Biologically there is a spectrum of control. Everyone falls into one side of the bell curve of control or the other (see Figure 1). The first side is undercontrolled (UC) and the second side is overcontrolled (OC). Most people land in the flexible or optimal control range which is in the middle of the bell curve. This means in any given situation optimal behavioral control expression can lean a bit UC or OC. At a party, UC disinhibited behavior fits the situation, but you wouldn’t want to be wildly disinhibited in your behavioral expression while getting a speeding ticket. On each end of the spectrum is where chronic mental health disorders appear.




Control Spectrum Bell Curve (Lynch, 2018)


DBT is a treatment for undercontrolled disorders like Borderline Personality Disorder, substance abuse, and binge eating. RO DBT treats overcontrolled disorders like chronic depression, chronic anxiety, autism spectrum disorders, anorexia and personality disorders like (Avoidant, Paranoid, and Obsessive Compulsive).
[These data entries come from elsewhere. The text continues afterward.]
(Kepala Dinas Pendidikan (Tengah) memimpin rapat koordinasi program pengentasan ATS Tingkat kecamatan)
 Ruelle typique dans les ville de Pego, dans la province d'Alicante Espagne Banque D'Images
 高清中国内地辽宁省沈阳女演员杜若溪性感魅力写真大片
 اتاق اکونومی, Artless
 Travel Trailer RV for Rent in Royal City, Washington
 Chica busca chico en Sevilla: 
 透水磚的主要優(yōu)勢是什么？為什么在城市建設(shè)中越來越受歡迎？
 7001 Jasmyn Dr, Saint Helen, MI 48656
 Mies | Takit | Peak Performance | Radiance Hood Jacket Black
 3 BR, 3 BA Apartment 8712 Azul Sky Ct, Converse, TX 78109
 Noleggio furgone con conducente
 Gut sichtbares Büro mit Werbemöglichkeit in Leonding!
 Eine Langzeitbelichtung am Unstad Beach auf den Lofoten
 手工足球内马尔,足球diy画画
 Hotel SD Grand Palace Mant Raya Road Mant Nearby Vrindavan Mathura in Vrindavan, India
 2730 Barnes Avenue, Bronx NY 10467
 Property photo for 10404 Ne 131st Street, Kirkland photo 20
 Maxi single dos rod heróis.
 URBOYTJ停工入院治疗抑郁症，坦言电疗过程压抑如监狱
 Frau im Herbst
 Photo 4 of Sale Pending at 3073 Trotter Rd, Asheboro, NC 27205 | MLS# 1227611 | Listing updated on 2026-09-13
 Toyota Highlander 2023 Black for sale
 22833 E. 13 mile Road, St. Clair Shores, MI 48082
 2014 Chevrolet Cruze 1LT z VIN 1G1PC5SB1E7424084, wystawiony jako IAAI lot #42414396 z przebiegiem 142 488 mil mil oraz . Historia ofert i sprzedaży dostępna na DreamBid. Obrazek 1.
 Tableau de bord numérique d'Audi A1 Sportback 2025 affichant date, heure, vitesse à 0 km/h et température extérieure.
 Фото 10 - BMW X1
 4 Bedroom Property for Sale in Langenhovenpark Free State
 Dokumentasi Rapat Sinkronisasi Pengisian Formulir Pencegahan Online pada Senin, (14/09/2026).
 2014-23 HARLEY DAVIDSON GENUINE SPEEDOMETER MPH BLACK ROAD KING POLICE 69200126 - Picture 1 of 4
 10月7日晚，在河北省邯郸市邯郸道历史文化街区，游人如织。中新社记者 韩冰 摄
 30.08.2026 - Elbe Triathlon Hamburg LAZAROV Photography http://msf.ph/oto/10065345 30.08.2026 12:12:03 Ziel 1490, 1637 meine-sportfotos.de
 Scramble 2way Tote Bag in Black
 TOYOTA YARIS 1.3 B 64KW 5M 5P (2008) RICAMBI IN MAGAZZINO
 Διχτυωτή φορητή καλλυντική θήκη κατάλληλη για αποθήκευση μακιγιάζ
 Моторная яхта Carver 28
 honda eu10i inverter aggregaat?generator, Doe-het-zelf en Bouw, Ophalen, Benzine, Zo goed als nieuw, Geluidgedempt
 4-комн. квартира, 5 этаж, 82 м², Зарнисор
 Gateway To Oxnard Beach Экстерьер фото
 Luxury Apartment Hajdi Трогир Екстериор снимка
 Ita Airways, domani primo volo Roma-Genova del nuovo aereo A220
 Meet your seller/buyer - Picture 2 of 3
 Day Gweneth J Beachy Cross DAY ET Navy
Impulse control is biological and you can see one’s tendency to lean OC or UC in children as young as four years old. For example, check out the Marshmallow Experiment to understand how we can see one’s control tendency at young ages. One’s natural ability to inhibit an impulse leads one to fall into the UC or OC categories.


Once you figure out which control tendency you lean towards, you can then decide which treatment is right for you. Both RO DBT and DBT are wonderful therapies and have been proven effective for the above-mentioned treatment disorders respectively.


If RO DBT is new to you, check out the treatment developer’s website at www.radicallyopen.net for more information.


Hope Arnold is a RO DBT Therapist, Trainer, and Supervisor in Denver, CO.